Data streaming is data that continuously flows from a source to a destination to be processed and analyzed in near real-time.
How data streaming works
Companies can have thousands of data sources that get piped to different destinations. The data can be processed using stream processing techniques, and generally consists of small chunks of data.
Streaming data allows pieces of data to be processed in real or near real-time. The two most common use cases for data streaming:
- Streaming media, especially video
- Real-time analytics
Data streaming used to be reserved for very select businesses, like media streaming and stock exchange financial values. Today, it’s being adopted in every company. Data streams allow an organization to process data in real-time, giving companies the ability to monitor all aspects of its business.
The real-time nature of the monitoring allows management to react and respond to crisis events much quicker than any other data processing methods. Data streams offer a continuous communication channel between all the moving parts of a company and the people who can make decisions.
Streaming media
Media streaming is one example. It allows a person to begin watching a video without having to download the whole video first.
This allows users to begin viewing the data (video) sooner, and, in the case of media streaming, prevents the user’s device from having to store large files all at once. Data can come and go from the device as it is processed and watched.
Real-time analytics
Data streams enable companies to use real-time analytics to monitor their activities. The generated data can be processed through time-series data analytics techniques to report what is happening.
The Internet of Things (IoT) has fueled the boom in the variety and volume of data that can be streamed. Increasing network speeds contribute to the velocity of the data.
Thus we get the widely accepted three V’s of data analytics and data streams:
- Variety
- Volume
- Velocity
Paired with IoT, a company can have data streams from many different sensors and monitors, increasing its ability to micro-manage many dynamic variables in real-time.

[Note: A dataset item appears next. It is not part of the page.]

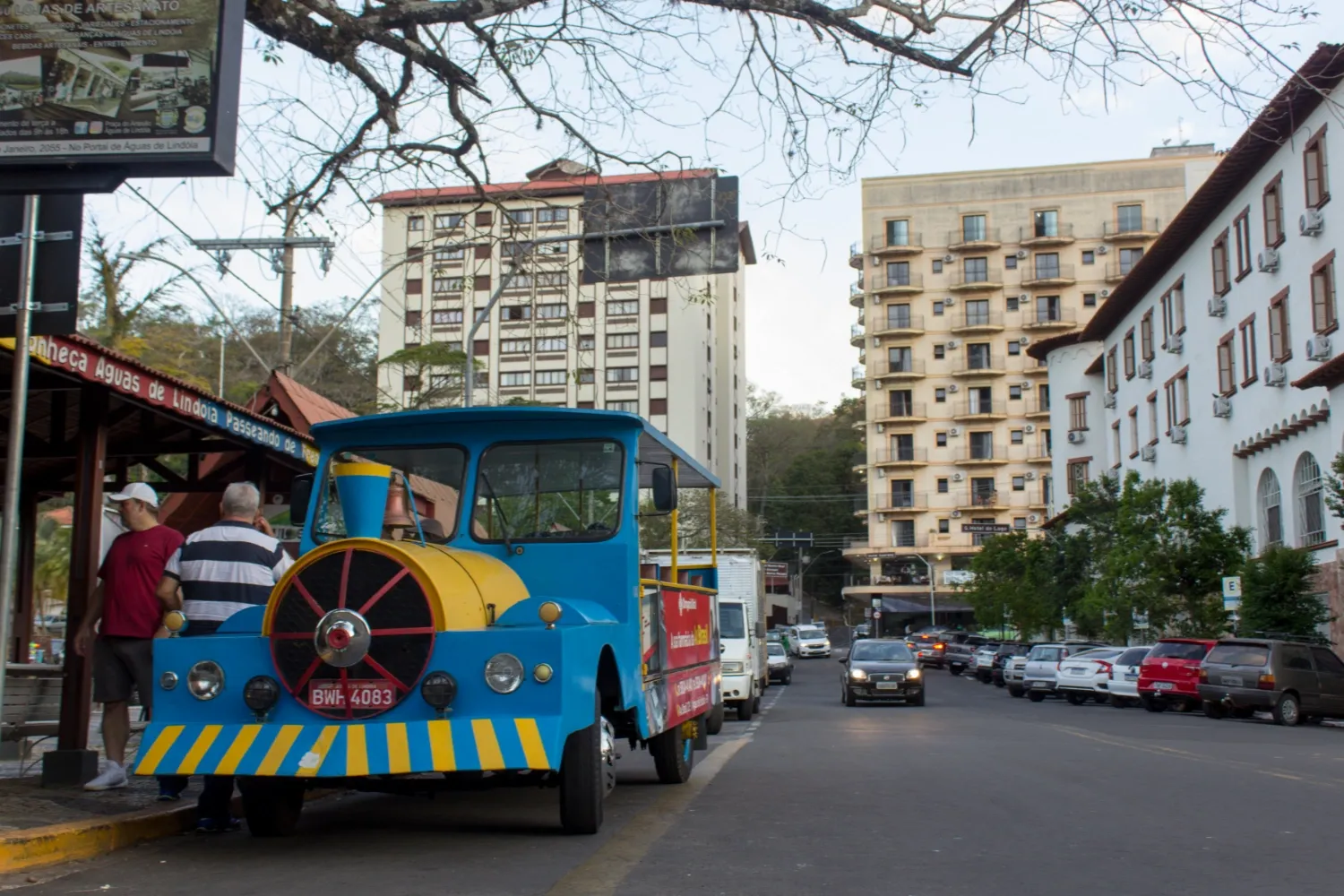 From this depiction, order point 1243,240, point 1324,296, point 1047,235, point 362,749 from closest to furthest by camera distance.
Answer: point 362,749 → point 1324,296 → point 1243,240 → point 1047,235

From a chaos engineering perspective, real-time analytics is great because it increases the company’s ability to monitor the company’s activities. So, if equipment were to fail, or readings were to send back information that needed quick action, the company has the information to act.
Data streams directly increase a company’s resilience.
Data architecture for streaming data
Data streams require a certain kind of architecture, which is easier to adopt if you’re already familiar with cloud architectures. The bulk of the learning curve has been climbed, and the rest is just adding pieces of knowledge here and there.
Many cloud service companies offer the tech to build a data stream—the usual Amazon, Azure, Google.
You can also build your own data stream. The first step is building a stream processor, just something to capture the streaming data from an application or device.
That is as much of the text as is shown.